I Simposio
Medicina de Estilos de Vida para Estudiantes




Latin American Lifestyle Medicine Association



REVISTA DE LA FACULTAD DE MEDICINA HUMANA 2019 - Universidad Ricardo Palma DOI 10.25176/RFMH.v19.n2.2074



Kelly Regina Huacachi-Trejo1,a, José Luis Castañeda-Campos1,a

1 Medical Student Faculty of Medicine, Ricardo Palma University, Lima-Peru.
a Medical Student.

Dear Editor
Gallbladder cancer is one of the most common pathologies of the digestive tract. It is more frequent in women than in men predominantly in the sixth and seventh decades of life. In white populations, it is a type of neoplasm that ranks fifth worldwide1.

Usually, gallbladder cancer causes no signs or symptoms until later in the course of the disease, when the tumor is large or has spread. The vesicular pathology has been increasing over the years since there is no proper prevention. Many of the risk factors, such as age, sex and others that vary like diabetic women, smoking, obesity with the presence of stones2.

Chile has the highest incidence of vesicular cancer, between men and women. According to the study of Eslick published in 2010, the rate of the registry of the city of Valdivia is 12.3 and 27.3 in men and women per 100,000 inhabitants, placing it with the highest incidence in the world - data from the Ministry of Health of Chile3.
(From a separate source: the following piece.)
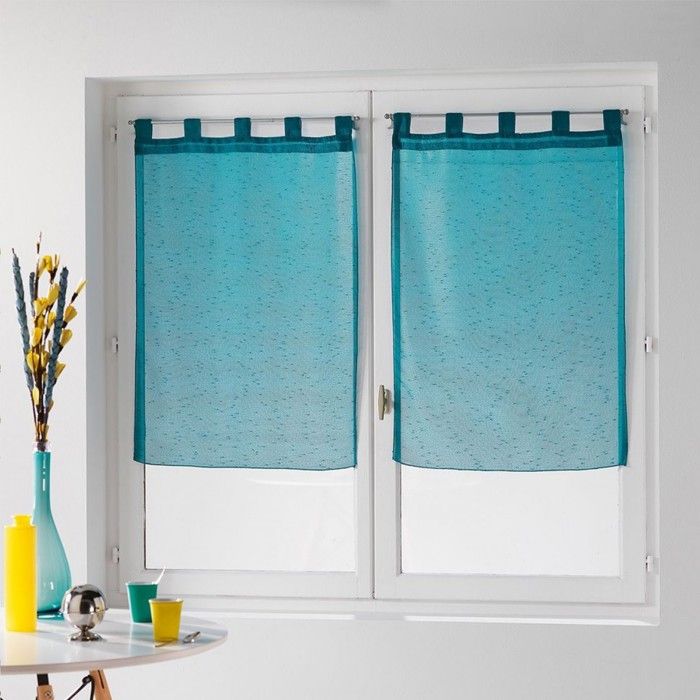 Paire de rideau en voile - EDEN - coupe dandy - passants fils - 60x90 cm - polyester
In 2010-2012 according to the INEN - MINSA (National Institute of Neoplastic Diseases - Ministry of Health), in metropolitan Lima, there were 1284 cases of gallbladder cancer. The population most affected by this pathology were adults older than 75 years old. By age group and sex, it was predominant in women, increasing from 3.2% in women from 55 to 74 years to 3.5% in 75 years to more4.

The onset of symptoms is insidious and simulates cholecystitis; often the diagnosis is established during gallbladder surgery from other cause. About 80-90% of people with gallbladder cancer have cholelithiasis. It is believed that, due to its ability to produce chronic irritation of the vesicular mucosa, cholelithiasis participates in the development of cancer. This cancer is unresectable at the time of diagnosis and the average survival at five years has been 1% for many years. Gallbladder cancer is the most frequent malignant tumor of the bile ducts1.

In an analytical observational study, cross-sectional and retrospective that was performed in the surgical service of the Hospital Regional Honorio Delgado (HRHD) of Arequipa during the period from January 2008 to June 2010, the population consisted of all patients who attended the service of surgery that underwent surgery, the operative piece was sent to the pathology department for processing. The criterion was to have a result (report) of pathology.There was evidence that 73 patients had a diagnosis of gallbladder cancer. The most common histological type was adenocarcinoma with 71.2% (52 cases), followed by in-situ carcinoma with 20.5% (15 cases), both histological types representing 91.7%. Undifferentiated carcinoma was present with 4 cases5.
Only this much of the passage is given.